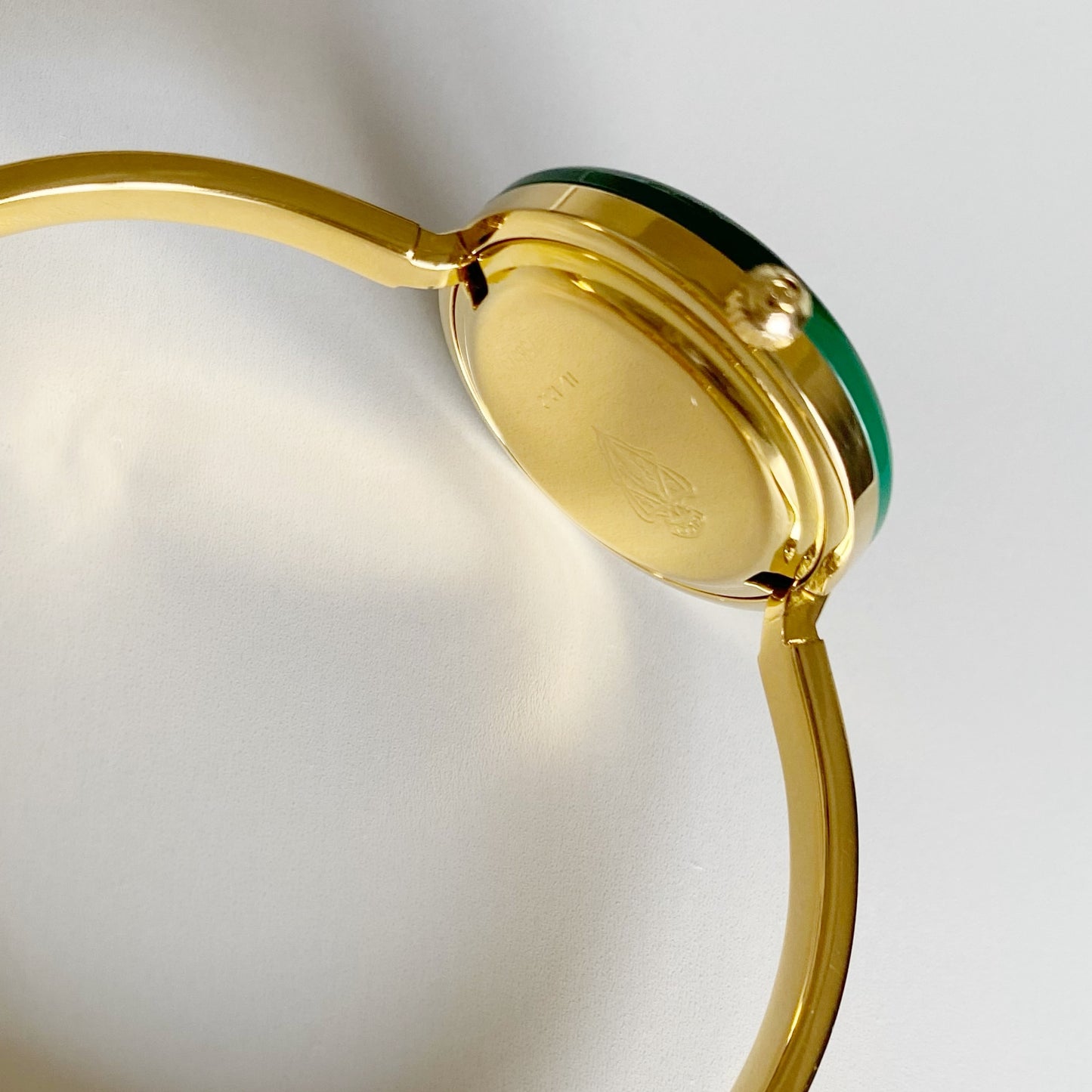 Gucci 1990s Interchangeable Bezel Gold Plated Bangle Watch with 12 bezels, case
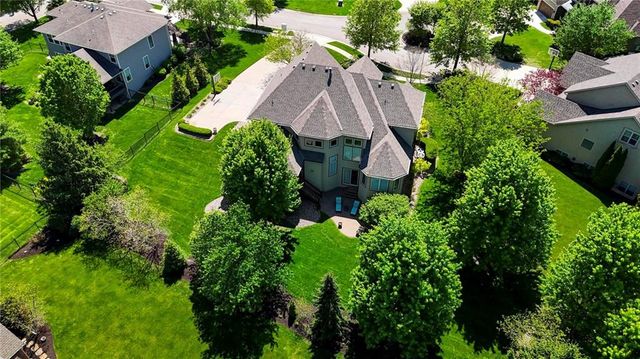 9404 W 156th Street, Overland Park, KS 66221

-*-

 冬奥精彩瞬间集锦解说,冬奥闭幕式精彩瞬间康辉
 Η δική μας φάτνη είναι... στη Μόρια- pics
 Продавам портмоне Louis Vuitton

-*-

_WHAT YOU SHOULD DO_
Would you print exactly the lines in the listing above, from the line bearing "Gucci 1990s Interchangeable" through the line bearing "9404 W 156th Street, Overland Park, KS 66221", leaving out all pictures?

_ANSWER FOR THE TASK_
 Gucci 1990s Interchangeable Bezel Gold Plated Bangle Watch with 12 bezels, case
 9404 W 156th Street, Overland Park, KS 66221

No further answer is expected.